I personally use winrar.


----------



## binglejellsx2 (Jun 22, 2011)

Burncycle said:


> One of the ports should have it done soon I would hope.


I dl'd VanirBEAN v3 and it says "VERIZON WIRELESS", so it looks like it's already been fixed.


----------



## imnuts (Jun 9, 2011)

I just put a decompiled eri.xml in /data and it got rid of the T-CDMA64 text


----------



## calripkenturner (Feb 9, 2012)

binglejellsx2 said:


> I dl'd VanirBEAN v3 and it says "VERIZON WIRELESS", so it looks like it's already been fixed.


Still have t CDMA 64 here


----------



## imnuts (Jun 9, 2011)

Here is the eri.xml file I am using. Download it and copy it to /data/eri.xml, then restart your phone.


----------



## 11knives (Dec 21, 2011)

Do we have confirmation that this file works for Toro?


----------



## Burncycle (Aug 6, 2011)

imnuts said:


> Here is the eri.xml file I am using. Download it and copy it to /data/eri.xml, then restart your phone.


Thanks haha. Never knew it would work that way as well.


----------



## imnuts (Jun 9, 2011)

11knives said:


> Do we have confirmation that this file works for Toro?


It works for me, hence why I posted it.


----------



## Schoat333 (Jun 14, 2011)

imnuts said:


> Here is the eri.xml file I am using. Download it and copy it to /data/eri.xml, then restart your phone.


Thanks for that. I had no idea we could do that.

I'd imagine we could change the text to say whatever we want, as long as its the same number of spaces.


----------



## imnuts (Jun 9, 2011)

Schoat333 said:


> Thanks for that. I had no idea we could do that.
> 
> I'd imagine we could change the text to say whatever we want, as long as its the same number of spaces.
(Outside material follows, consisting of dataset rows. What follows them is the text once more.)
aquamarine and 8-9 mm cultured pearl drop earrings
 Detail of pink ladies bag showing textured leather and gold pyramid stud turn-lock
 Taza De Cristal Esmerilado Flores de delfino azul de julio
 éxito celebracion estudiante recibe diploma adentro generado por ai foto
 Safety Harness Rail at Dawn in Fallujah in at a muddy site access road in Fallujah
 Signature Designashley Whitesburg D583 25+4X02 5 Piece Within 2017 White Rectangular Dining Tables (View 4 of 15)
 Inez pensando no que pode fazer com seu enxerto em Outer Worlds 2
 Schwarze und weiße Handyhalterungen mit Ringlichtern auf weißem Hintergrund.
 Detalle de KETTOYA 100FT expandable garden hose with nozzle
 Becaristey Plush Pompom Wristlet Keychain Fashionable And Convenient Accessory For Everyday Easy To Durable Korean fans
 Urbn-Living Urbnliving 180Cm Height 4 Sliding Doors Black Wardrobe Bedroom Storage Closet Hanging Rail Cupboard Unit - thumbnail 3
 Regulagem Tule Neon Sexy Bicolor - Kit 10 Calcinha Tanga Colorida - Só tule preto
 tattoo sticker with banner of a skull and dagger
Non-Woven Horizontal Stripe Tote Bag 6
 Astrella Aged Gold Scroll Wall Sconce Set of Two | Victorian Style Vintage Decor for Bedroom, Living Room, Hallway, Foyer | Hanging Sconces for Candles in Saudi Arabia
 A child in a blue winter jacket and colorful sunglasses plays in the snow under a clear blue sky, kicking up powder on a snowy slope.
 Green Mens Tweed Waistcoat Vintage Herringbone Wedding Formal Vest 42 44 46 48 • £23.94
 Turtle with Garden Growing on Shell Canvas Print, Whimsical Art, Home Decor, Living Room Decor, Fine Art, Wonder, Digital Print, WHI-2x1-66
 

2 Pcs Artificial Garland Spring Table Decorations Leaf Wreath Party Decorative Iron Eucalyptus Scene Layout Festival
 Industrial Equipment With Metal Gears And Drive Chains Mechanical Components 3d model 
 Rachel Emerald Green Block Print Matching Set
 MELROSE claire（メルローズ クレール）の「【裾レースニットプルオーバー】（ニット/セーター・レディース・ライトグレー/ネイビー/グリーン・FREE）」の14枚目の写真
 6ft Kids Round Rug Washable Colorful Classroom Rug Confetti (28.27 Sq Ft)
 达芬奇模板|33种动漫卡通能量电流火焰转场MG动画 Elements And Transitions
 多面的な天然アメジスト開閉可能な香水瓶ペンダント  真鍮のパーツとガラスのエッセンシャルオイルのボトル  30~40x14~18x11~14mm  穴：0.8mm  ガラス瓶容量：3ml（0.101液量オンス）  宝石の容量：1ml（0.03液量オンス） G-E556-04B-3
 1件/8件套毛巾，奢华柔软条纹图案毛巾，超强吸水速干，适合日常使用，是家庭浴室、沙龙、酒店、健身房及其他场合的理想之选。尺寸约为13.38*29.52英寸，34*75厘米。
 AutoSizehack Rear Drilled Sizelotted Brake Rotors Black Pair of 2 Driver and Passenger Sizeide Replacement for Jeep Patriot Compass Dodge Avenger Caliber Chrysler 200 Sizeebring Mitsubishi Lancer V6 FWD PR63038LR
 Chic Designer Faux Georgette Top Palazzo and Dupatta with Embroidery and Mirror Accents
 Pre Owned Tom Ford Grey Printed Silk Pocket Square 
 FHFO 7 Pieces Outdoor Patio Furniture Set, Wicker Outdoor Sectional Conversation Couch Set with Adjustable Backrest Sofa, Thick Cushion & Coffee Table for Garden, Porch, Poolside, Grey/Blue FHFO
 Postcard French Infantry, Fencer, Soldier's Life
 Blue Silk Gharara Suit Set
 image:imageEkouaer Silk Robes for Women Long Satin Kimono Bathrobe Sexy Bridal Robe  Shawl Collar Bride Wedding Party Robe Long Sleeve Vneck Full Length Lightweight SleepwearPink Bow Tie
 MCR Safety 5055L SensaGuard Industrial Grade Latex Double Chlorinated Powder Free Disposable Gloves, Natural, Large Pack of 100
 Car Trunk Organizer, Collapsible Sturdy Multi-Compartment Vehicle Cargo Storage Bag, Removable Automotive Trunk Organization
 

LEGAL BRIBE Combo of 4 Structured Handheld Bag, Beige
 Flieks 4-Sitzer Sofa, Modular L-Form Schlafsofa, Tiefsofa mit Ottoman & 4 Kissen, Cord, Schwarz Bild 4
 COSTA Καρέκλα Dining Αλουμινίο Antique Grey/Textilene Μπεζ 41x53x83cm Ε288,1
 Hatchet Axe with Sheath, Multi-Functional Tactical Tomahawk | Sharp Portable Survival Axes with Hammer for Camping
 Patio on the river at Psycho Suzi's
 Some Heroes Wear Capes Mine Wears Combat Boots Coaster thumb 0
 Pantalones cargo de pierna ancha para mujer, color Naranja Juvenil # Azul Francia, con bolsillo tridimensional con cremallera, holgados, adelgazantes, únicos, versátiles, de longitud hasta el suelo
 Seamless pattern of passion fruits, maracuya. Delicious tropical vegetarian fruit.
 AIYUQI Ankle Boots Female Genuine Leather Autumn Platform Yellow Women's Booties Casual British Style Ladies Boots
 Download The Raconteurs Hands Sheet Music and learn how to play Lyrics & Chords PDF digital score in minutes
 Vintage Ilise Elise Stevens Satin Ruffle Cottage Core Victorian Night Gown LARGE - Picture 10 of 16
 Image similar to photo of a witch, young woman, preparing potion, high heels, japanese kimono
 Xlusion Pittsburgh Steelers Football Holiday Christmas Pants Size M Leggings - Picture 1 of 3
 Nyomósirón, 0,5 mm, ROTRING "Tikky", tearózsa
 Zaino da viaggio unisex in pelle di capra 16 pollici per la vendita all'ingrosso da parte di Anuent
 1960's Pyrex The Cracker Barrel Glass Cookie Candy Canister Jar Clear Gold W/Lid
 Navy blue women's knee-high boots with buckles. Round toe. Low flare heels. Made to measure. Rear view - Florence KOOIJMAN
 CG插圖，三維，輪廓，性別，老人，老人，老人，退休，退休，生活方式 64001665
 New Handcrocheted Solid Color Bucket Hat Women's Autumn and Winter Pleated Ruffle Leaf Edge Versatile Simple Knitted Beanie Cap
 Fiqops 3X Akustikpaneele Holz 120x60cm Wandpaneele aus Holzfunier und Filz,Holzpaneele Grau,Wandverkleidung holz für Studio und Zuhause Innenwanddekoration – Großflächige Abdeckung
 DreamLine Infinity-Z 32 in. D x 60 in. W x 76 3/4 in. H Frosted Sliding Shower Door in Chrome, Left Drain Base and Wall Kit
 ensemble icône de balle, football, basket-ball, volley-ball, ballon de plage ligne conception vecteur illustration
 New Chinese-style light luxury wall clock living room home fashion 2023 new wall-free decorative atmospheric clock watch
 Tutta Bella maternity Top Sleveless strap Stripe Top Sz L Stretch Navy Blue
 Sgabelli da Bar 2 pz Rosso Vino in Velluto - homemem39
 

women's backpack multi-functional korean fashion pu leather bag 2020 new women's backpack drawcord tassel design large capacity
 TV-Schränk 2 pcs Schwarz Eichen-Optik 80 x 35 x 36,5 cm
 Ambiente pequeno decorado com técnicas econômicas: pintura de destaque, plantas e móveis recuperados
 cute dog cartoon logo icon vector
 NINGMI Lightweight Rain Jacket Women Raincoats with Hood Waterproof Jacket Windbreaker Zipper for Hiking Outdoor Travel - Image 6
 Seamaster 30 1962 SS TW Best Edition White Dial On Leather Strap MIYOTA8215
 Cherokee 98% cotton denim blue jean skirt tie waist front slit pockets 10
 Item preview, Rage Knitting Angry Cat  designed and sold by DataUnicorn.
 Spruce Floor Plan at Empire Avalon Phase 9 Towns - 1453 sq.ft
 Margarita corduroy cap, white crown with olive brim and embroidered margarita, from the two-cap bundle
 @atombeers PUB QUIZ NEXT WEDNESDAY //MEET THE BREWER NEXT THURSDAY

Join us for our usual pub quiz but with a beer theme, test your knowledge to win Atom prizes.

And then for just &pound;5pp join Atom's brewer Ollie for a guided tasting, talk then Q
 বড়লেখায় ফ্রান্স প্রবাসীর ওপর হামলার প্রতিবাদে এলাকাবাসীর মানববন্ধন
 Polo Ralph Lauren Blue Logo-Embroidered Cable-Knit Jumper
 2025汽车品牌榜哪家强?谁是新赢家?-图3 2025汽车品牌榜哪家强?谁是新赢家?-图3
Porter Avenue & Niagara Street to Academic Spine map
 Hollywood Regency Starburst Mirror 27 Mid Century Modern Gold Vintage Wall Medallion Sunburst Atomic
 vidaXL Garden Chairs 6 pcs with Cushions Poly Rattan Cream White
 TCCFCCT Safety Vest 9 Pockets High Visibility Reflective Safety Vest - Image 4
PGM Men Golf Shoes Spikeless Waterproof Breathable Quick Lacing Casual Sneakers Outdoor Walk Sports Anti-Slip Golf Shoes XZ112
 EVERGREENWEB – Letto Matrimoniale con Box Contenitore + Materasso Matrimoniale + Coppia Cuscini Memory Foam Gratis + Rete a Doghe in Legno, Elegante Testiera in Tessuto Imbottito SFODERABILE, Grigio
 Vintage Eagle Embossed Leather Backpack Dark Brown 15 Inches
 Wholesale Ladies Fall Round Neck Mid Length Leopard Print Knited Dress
I saw it mentioned in a thread on XDA, so I tried it. As for changing the text, you can probably make it say whatever you want, regardless of length. But, you'll have to reboot to see the changes.


----------



## joe139 (May 1, 2012)

What are we changing besides the text? Will it effect the phone in any way. I noticed it , but didn't really think anything about it.

Sent from my jelly bean. Galaxy Nexus using Tapatalk 2


----------



## dluxxx (Dec 23, 2011)

i tried the xml file and it changed the notification bar logo but when i go to phone status it still says T-CDMA 64...


----------



## NatemZ (Jun 13, 2011)

I wonder why some people get the T-CDMA? I have got Verizon Wireless both times I flashed JB. I wonder if it has something to do with activating while on 4G/3G? I'm always on 4G. Maybe thats why I dont get T-CDMA


----------



## Art Vandelay (Jan 4, 2012)

I get almost no signal at my house so it makes me turn on WiFi and I have the T-CDMA 64. You are probably right

Sent from my Galaxy Nexus using RootzWiki


----------



## Schoat333 (Jun 14, 2011)

NatemZ said:


> I wonder why some people get the T-CDMA? I have got Verizon Wireless both times I flashed JB. I wonder if it has something to do with activating while on 4G/3G? I'm always on 4G. Maybe thats why I dont get T-CDMA


I'm always on 4g and get T-CDMA 64.

I opened up the framework-res, from the JB ROM I downloaded, and that is exactly what I see in the eri.XML.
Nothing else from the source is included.